Distributive Justice — Fair Allocation

Definition: How society distributes benefits and burdens fairly among its members.

Questions:

  • Who gets what resources?
  • How should wealth be distributed?
  • Who deserves what opportunities?
  • What is a "fair share"?

Principles of distribution:

  • Equality — Everyone gets equal share
  • Need — Distribute based on who needs most
  • Merit — Distribute based on who deserves most
  • Contribution — Distribute based on who contributes most

Examples in SA law:

  • Taxation — Progressive tax system (rich pay higher %)
  • Social grants — Distribute resources to poor (need-based)
  • BEE/Affirmative Action — Remedy past injustice (corrective + distributive)
  • Free basic services — Water, electricity to poor households

Corrective Justice — Restoring Balance

Definition: Restoring balance after a wrong has occurred; making victim whole.

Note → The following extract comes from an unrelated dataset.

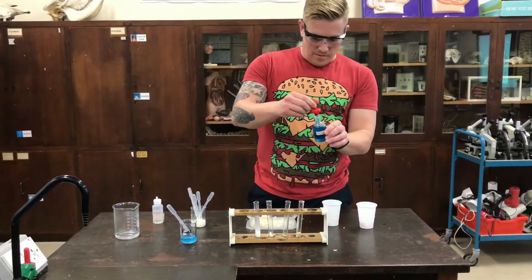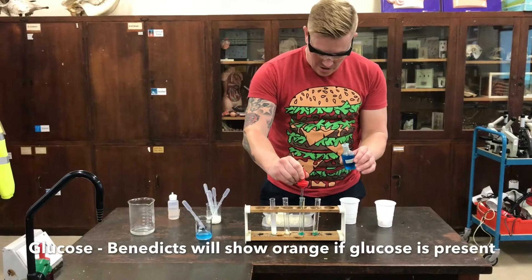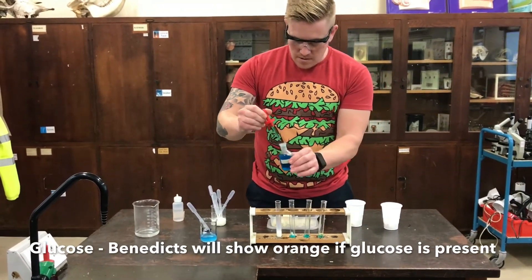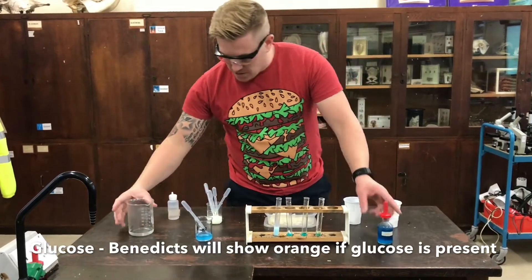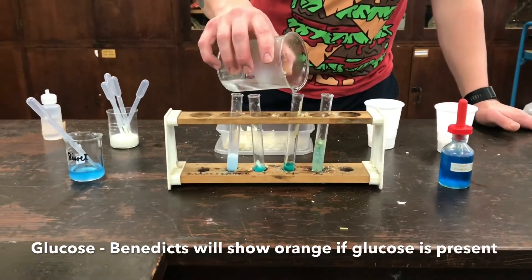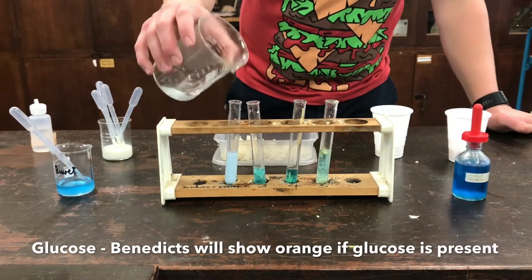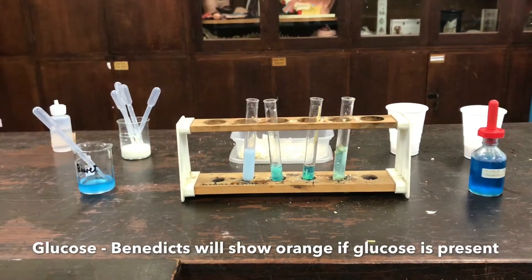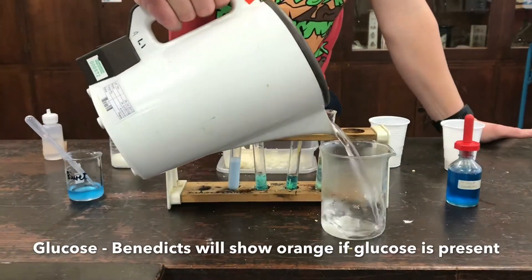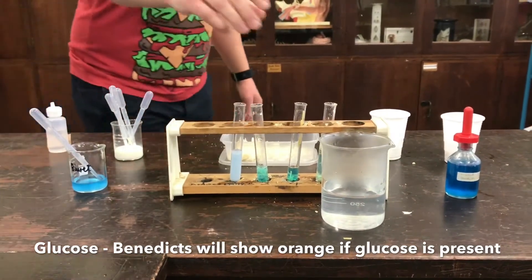For my final test I'm going to test for glucose. I'm going to put Benedict's solution into my food samples. I do aid this with a tiny bit of water — you don't have to, but I choose to — a little bit of hot water just to get things started and help with the breakdown. Then I fill up my beaker with boiling hot water from the kettle, just to bring the temperature up to see if we have any colour change.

Focus: Horizontal relationships (individual to individual), not vertical (state to citizen).

Principles:

  • Wrongdoer must compensate victim
  • Restore victim to position before wrong
  • No gain/loss beyond restoration

Examples in SA law:

  • Law of Delict — Damages for harm caused
  • Breach of contract — Compensation for losses
  • Restitution — Return unjustly gained property

Key difference:

Distributive JusticeCorrective Justice
Forward-looking — How to distribute resources justlyBackward-looking — How to fix past wrongs
Macro — Society-wide allocationMicro — Individual relationships
State role — Active distributorState role — Neutral arbiter
Example: Social welfare programsExample: Damages in delict

🏛️ Distributive Justice in South African Law

Case: Government of RSA v Grootboom (2001)

Facts:

  • Irene Grootboom and others were homeless, living in informal settlements
  • Challenged government's housing program as failing to provide for those in desperate need
  • Section 26 Constitution: Everyone has right to access to adequate housing

Distributive justice question: How should state distribute housing resources?

Court held:

Yacoob J:

"The state must devise and implement a comprehensive and coordinated programme progressively to realise the right of access to adequate housing... The programme must include reasonable measures... for those in desperate need."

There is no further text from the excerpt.